Wednesday, June 18, 2014

I AM GAY AND I AM A CHRISTIAN

It's strange that I'm coming out to people on the internet before anyone I even know, but that seems to make it easier. I've been a christian all my life, and I have always loved God, when I was around the age of 11 I found that I would do anything for God's cause. I've know all my life that I'm gay, but being a child I thought that I would find the perfect woman who I could actually find attractive - that seemed logical since I was a man, I would of course find a wife and have kids - but as I went into my teens I found it wasn't as easy as that. I even had a girlfriend for a short period of time, but I eventually found that I only liked her as a friend, when it came to kissing and stuff I had no real interest. So we broke up.

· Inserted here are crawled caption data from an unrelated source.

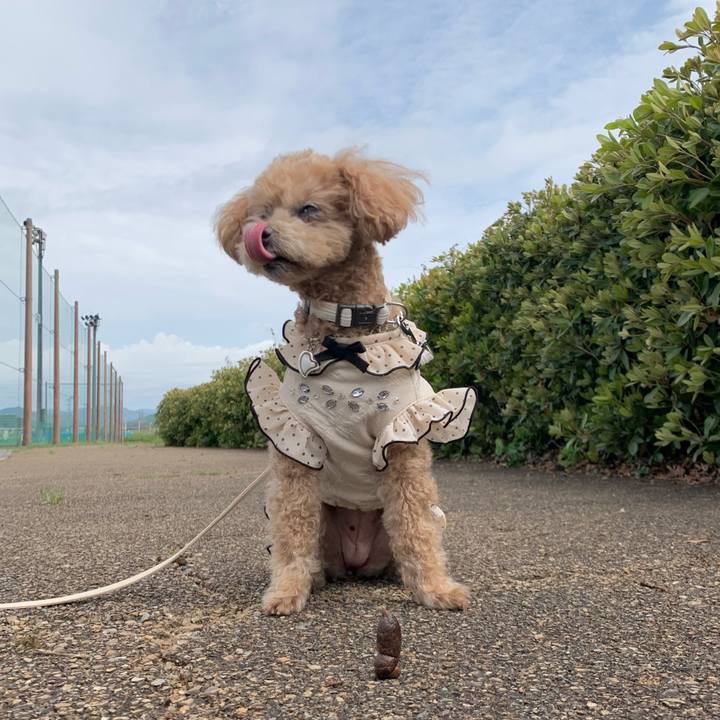 2772e6d6 8941 4c73 820a 241ee585bda1 1776854737073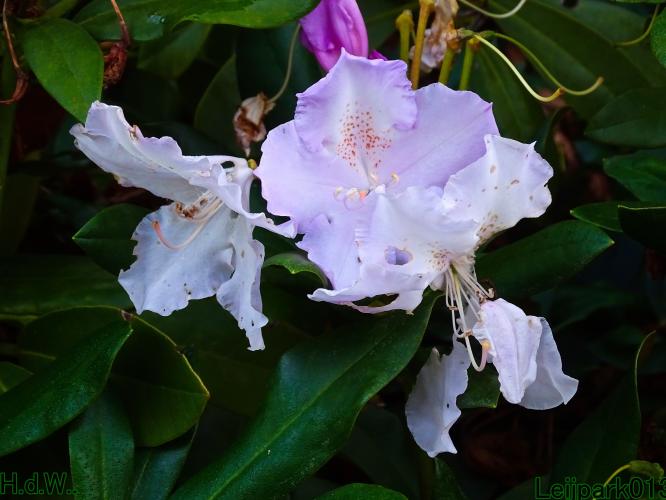 Leijpark013  12 &amp; 13 &amp; 14 &amp; 15 oktober 2023 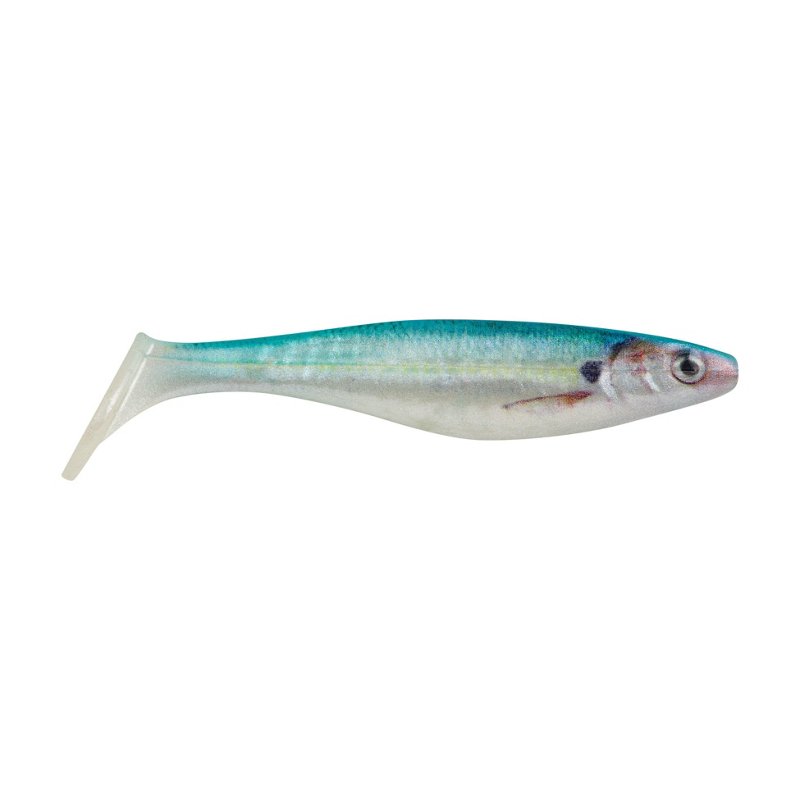 Berkley PowerBait The Champ Swimmer 3.8 inch 6 Pack Hd Sexy Shad - Frsh Wtr Soft Plastic at Academy Sports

I have heard many arguments  like: homosexuality not being allowed is only in the Old Testament and we should focus on the New Testament, or being gay is completely wrong, or you can have a same sex partner but you can't have sex with them, and many others. For me, I know homosexuality is not something that pleases God as defined in His word, and can accept that, but I hate knowing that the loneliness I feel may never go away. Same sex attraction is a weird thing, it's not something you just get over or pray away. Right now I'm just trying to love Jesus more that I my desire to be with someone in a loving personal, tangible relationship. Sometimes I fail, I screw up, I lose my focus, I get lonely and depressed, I get angry, I cry out for help. But even these things so me no good because I have not told anyone what I am going through. And I honestly don't think I ever could. It's like my sexuality is a weight around my neck, and the layers of self loathing and pretend happy faces just wear me down. Though it seems pointless, knowing others are going through the same thing does give me a little comfort. Sometimes I just wish it was enough.